__PROVIDED DATA__:
----------
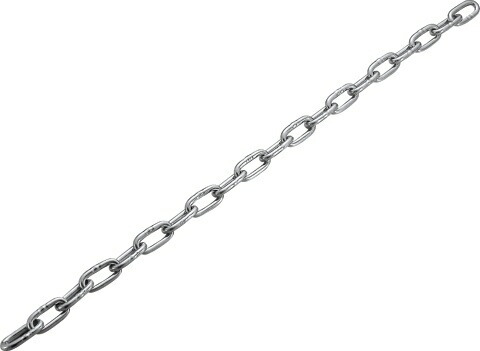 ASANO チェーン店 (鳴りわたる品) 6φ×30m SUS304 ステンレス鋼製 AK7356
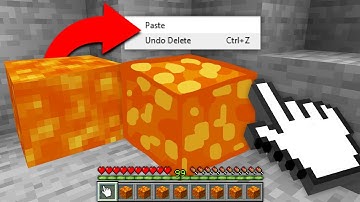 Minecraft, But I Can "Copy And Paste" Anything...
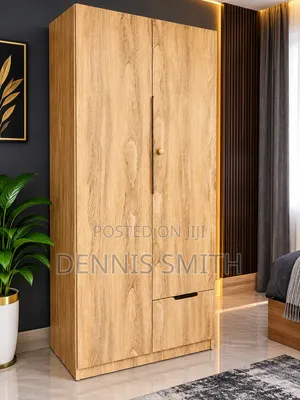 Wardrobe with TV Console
----------
Pictures aside, reproduce the listing above exactly.

 ASANO チェーン店 (鳴りわたる品) 6φ×30m SUS304 ステンレス鋼製 AK7356
 Minecraft, But I Can "Copy And Paste" Anything...
 Wardrobe with TV Console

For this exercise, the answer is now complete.